Büyük Türk Milleti’nin Cumhuriyet Bayramı Kutlu Olsun. Bir asrı devirmiş ve köklü medeniyete sahip Türkiye Cumhuriyeti’nin, geçen 100 yıllık serüven nihayetinde bugün dünyanın en büyük 10 ekonomisinden biri olabilme imkanı varken neden istediğimiz kıvamı yakalayamadık, üzerinde düşünülmesi ve analiz edilmesi gereken bir konu olduğunu vurgulamak lazım.

İkinci Dünya Savaşı’nda Hiroşima ve Nagazaki şehirlerine atom bombası atılan Japonya ekonomisi 1945’de çökmüşken bugün nasıl devasa bir ekonomi haline geldi?

Birinci Dünya Savaşı sonrası hiper enflasyonu yaşayan ve 1 ABD Doları’nın 7400 Alman Markına ulaştığı, Mark’ın duvar kağıdı olarak kullanıldığı bir dönem sonrası 100 yılda Almanya’nın nasıl bir ekonomik güç olduğunu araştırmak lazım.

Daha düne kadar dünya ekonomisinde hiçbir fonksiyonu olmayan Güney Kore’nin, Samsung, Hyundai, Kia, LC gibi markalarını dünya pazarında nasıl güç haline getirdiğini analiz etmek lazım.

Konya kadar büyüklüğü olan Hollanda’nın, dünya tarımındaki etkinliğini, Shell, ING, Booking, Philips gibi markaları nasıl yarattığını bilmek lazım.

100 yıllık Cumhuriyet sonrası bugün gelinen noktada dünya markamız ne var? Türk Hava Yolları’nı belki sayabiliriz, ancak hangi ülkeye giderseniz gidin, herkesin bildiği global bir markamız var mı?

Bugün hala yüzde 60 üstü enflasyonla mücadele ediyoruz. Daha düne kadar iktisat bilimine savaş açıp nas politikası izledik ve sonuçlarını görüyoruz, Merkez Bankası her ay ortalama 5 puan faiz artırıyor.

Emeklilere 100. yıl şerefine 5000 TL. ikramiye verdik, ancak bu yıl 1.6 trilyon TL. bütçe açığı vereceğiz. Tüm zamanların rekorunu kırıyoruz.

Rahmetli Başkomutan 1 Mart 1922’de TBMM’nin açılış konuşmasında şöyle efsane bir cümle kurdu, “Her uzvu devlet ancak kuvveyi maliye ile yaşar.” Yani mealen devletin devlet olabilmesi için güçlü bir maliyeye ihtiyaç vardır. 

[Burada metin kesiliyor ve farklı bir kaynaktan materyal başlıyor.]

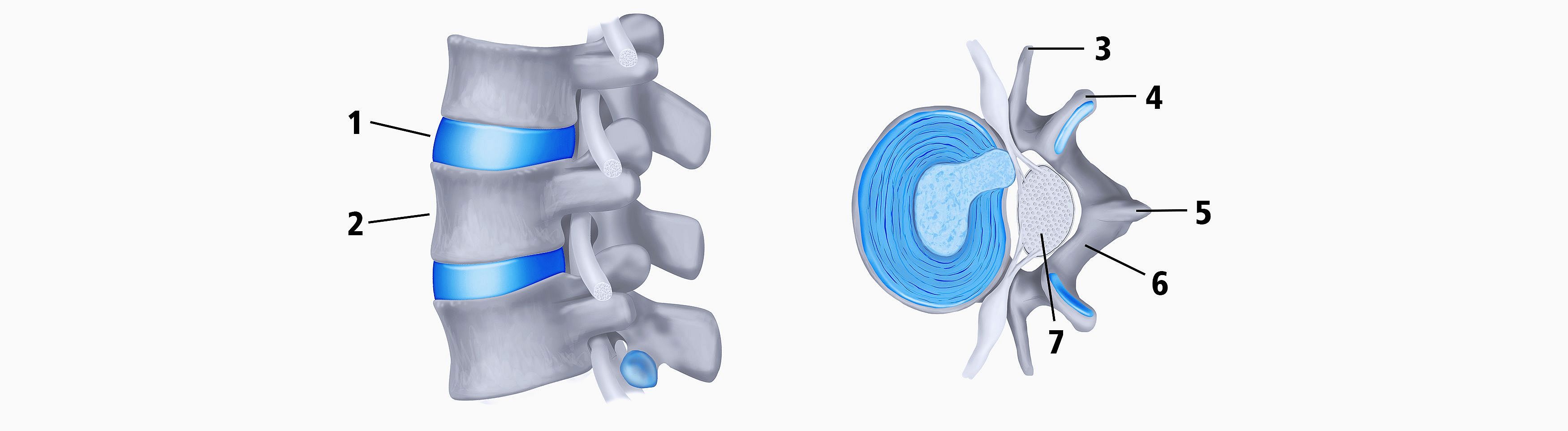 Une stabilité liée aux disques et aux ligaments Die Grafik zeigt die Nahaufname einer Wirbelsäule. Zu sehen sind Wirbelkörper und Bandscheibe, einmal von der Seite und einmal im Querschnitt.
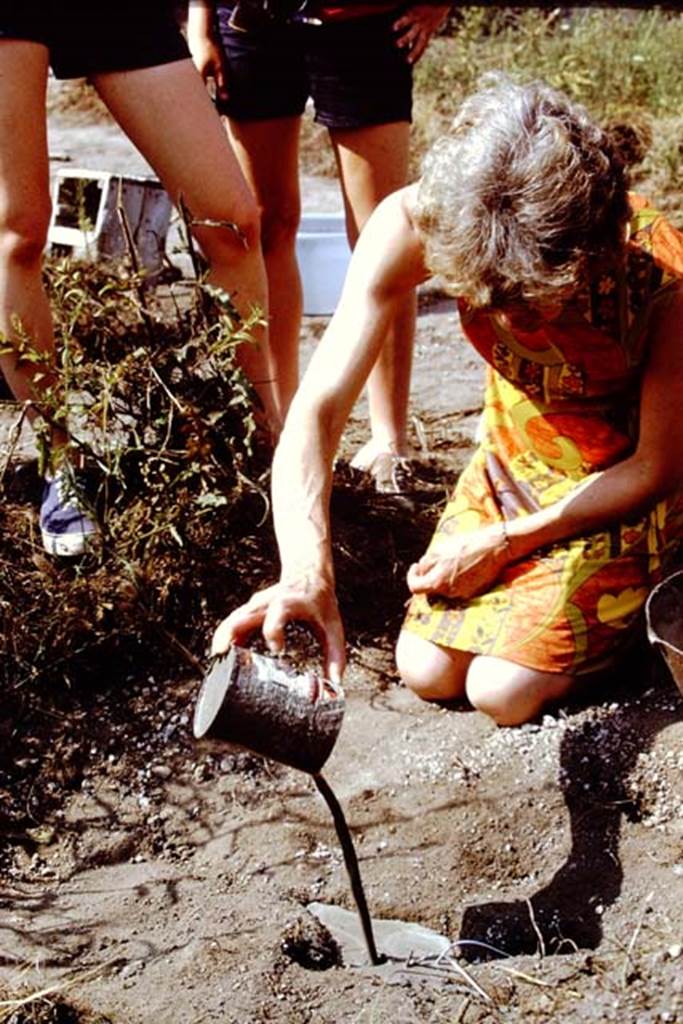 I.20.5 Pompeii. 1971. Pouring the cement into the root cavity. Photo by Stanley A. Jashemski.
Source: The Wilhelmina and Stanley A. Jashemski archive in the University of Maryland Library, Special Collections (See collection page) and made available under the Creative Commons Attribution-Non Commercial License v.4. See Licence and use details. J71f0176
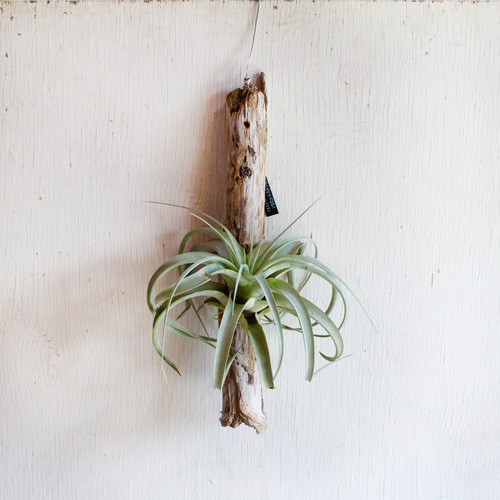 選べる エアプランツ キセログラフィカ 流木着生 ティランジア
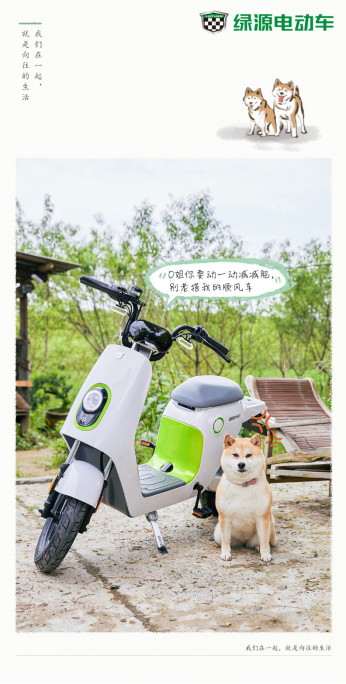 ͼƬ
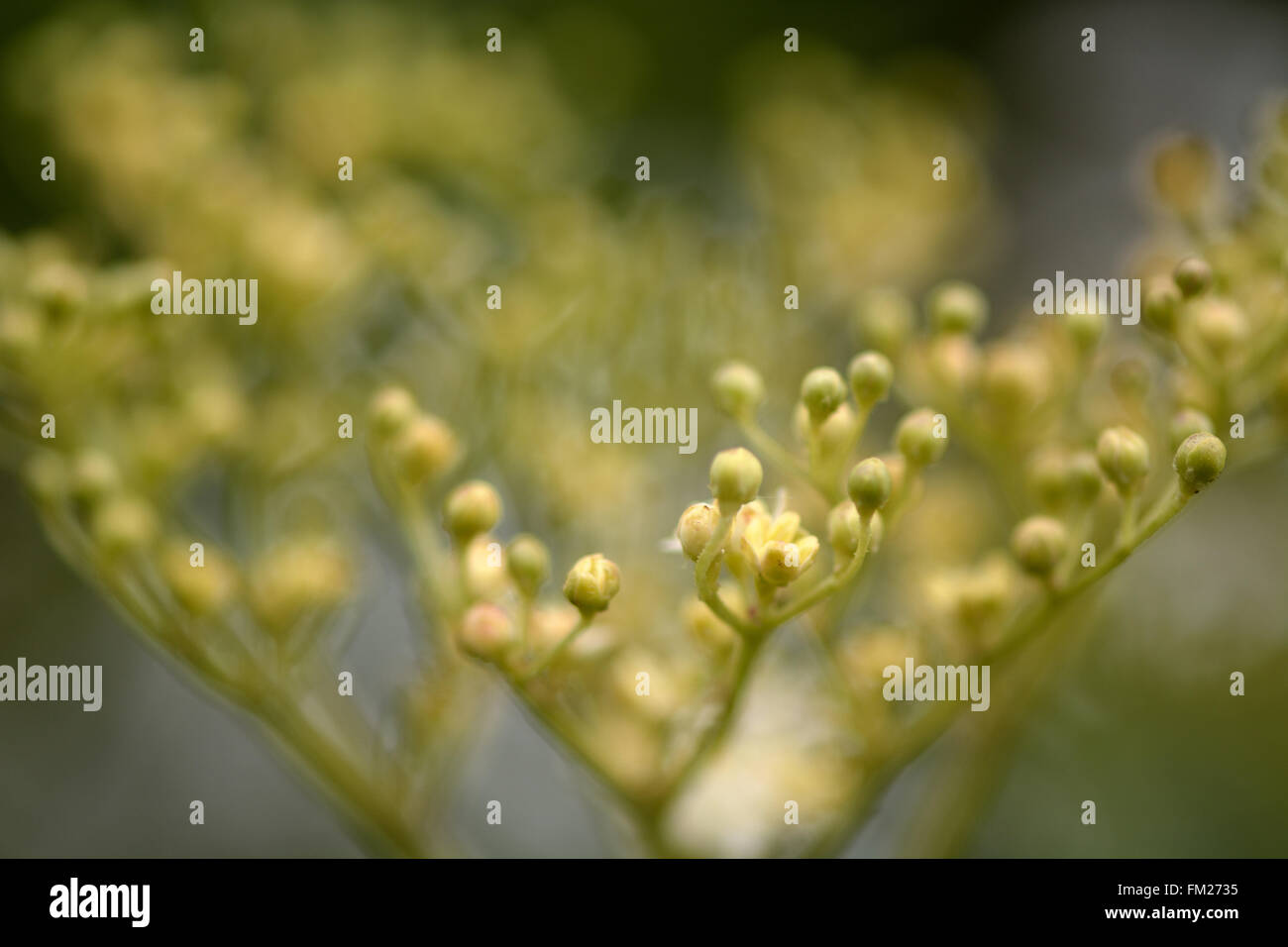 Di sambuco (Sambucus nigra). In prossimità di fiori di albero in famiglia Adoxaceae, utilizzato per preparare e mangiare le bevande e liquori Foto Stock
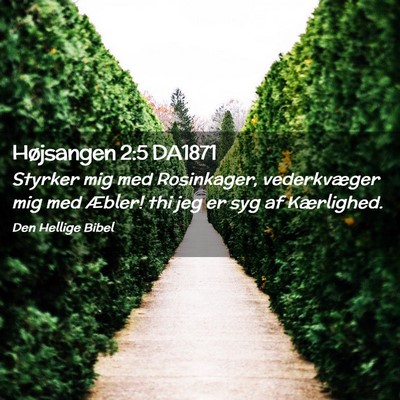 Picture 02 - Højsangen 2:5 DA1871 - Styrker mig med Rosinkager, vederkvæger mig med - Bible Verse Picture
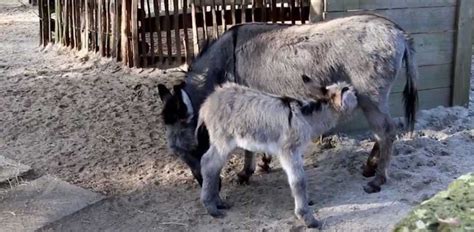 Donkey Birth Caught On Camera In Netherlands Zoo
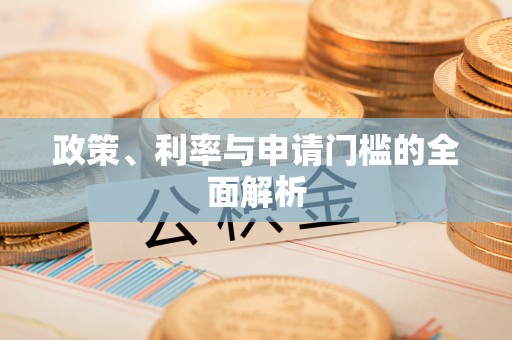 益阳政策、利率与申请门槛的全面解析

Bugün gelinen noktada mali yapıyı detayları ile izah etmeye gerek yok. Ülkeye ve ümmete hizmet etmeyi nasip ettiği için Allah’a hamd edip, instagram üzerinden istifa eden Maliye Bakanı’nı da gördük, İngiltere’de yatırımcılara dönüp “Siz merak etmeyin, biz gerekirse bürokrasiyi de alaşağı ederiz” diyen Maliye Bakanı’nı da gördük.

Velhasıl, yeni bir yüzyıla giriyoruz. Geçtiğimiz periyottan gerekli dersleri alıp, var olan potansiyelimizi doğru değerlendirmek suretiyle Atatürk Cumhuriyeti’ne ve Büyük Türk Milleti’ne yakışır bir refaha ulaşmayı umut ediyorum. Çünkü bu millet çok daha fazlasını hak ediyor.